Background: Hemangioblastoma originates in the central nervous system (CNS), usually in the cerebellum, and sporadic cases in the supratentorial region are extremely rare. In addition, there have been no previous reports of cases showing hyperintensity on diffusion weighted image (DWI) on magnetic resonance imaging (MRI) and negative immunostaining for inhibin-alpha. Here, we report a rare case of sporadic supratentorial hemangioblastoma arising in the parasagittal region and suggest a useful indicator for the exact diagnosis and pitfalls for surgical procedures.

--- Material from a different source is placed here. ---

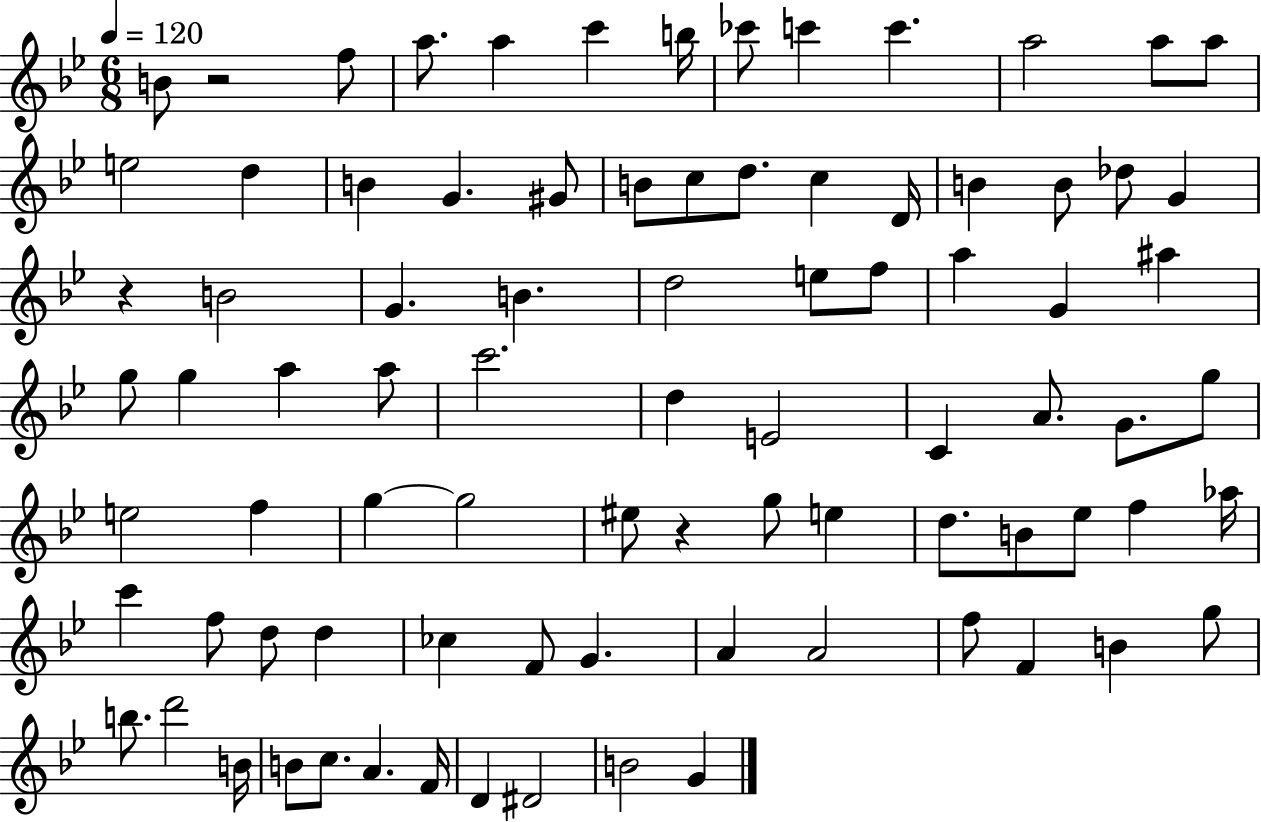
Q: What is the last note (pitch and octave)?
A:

Case Description: A 66-year-old woman was admitted to our hospital with a 6-month history of progressive numbness in the right lower extremities and gait disturbance. Neurological findings on admission revealed mild right-sided hemiparesis of the lower limbs (manual muscle test: 4/V). Neuroimaging demonstrated an abnormal lesion with clear boundaries in the left frontal lobe appearing hypointense on T1-weighted image (WI), hyperintense on T2-WI, and hyperintense on DWI, with strong enhancement on gadolinium (Gd)-enhanced T1-WI. Computed tomography (CT) showed no calcification, and cerebral angiography revealed strong staining from bilateral middle meningeal arteries and the left anterior cerebral artery (ACA). Surgical excision of the lesion was performed and gross total resection was achieved. Histological findings revealed a marked increase in vascular structures, and the round stroma contained tumor cells. Silver impregnation stains demonstrated abundant reticulin fibers. In addition, immunohistochemistry revealed that most tumor cells stained negatively for epithelial membrane antigen (EMA) and inhibin-alpha, and positively stained for podoplanin (D2-40), and the tumor was diagnosed as hemangioblastoma. The postoperative course was uneventful and follow-up neuroimaging after one year revealed no signs of recurrence.

Conclusions: Supratentorial hemangioblastomas are extremely rare and display a strong infiltrative and aggressive nature. Careful identification from preoperative image and histopathological study for appropriate treatment selection are warranted for supratentorial hemangioblastoma.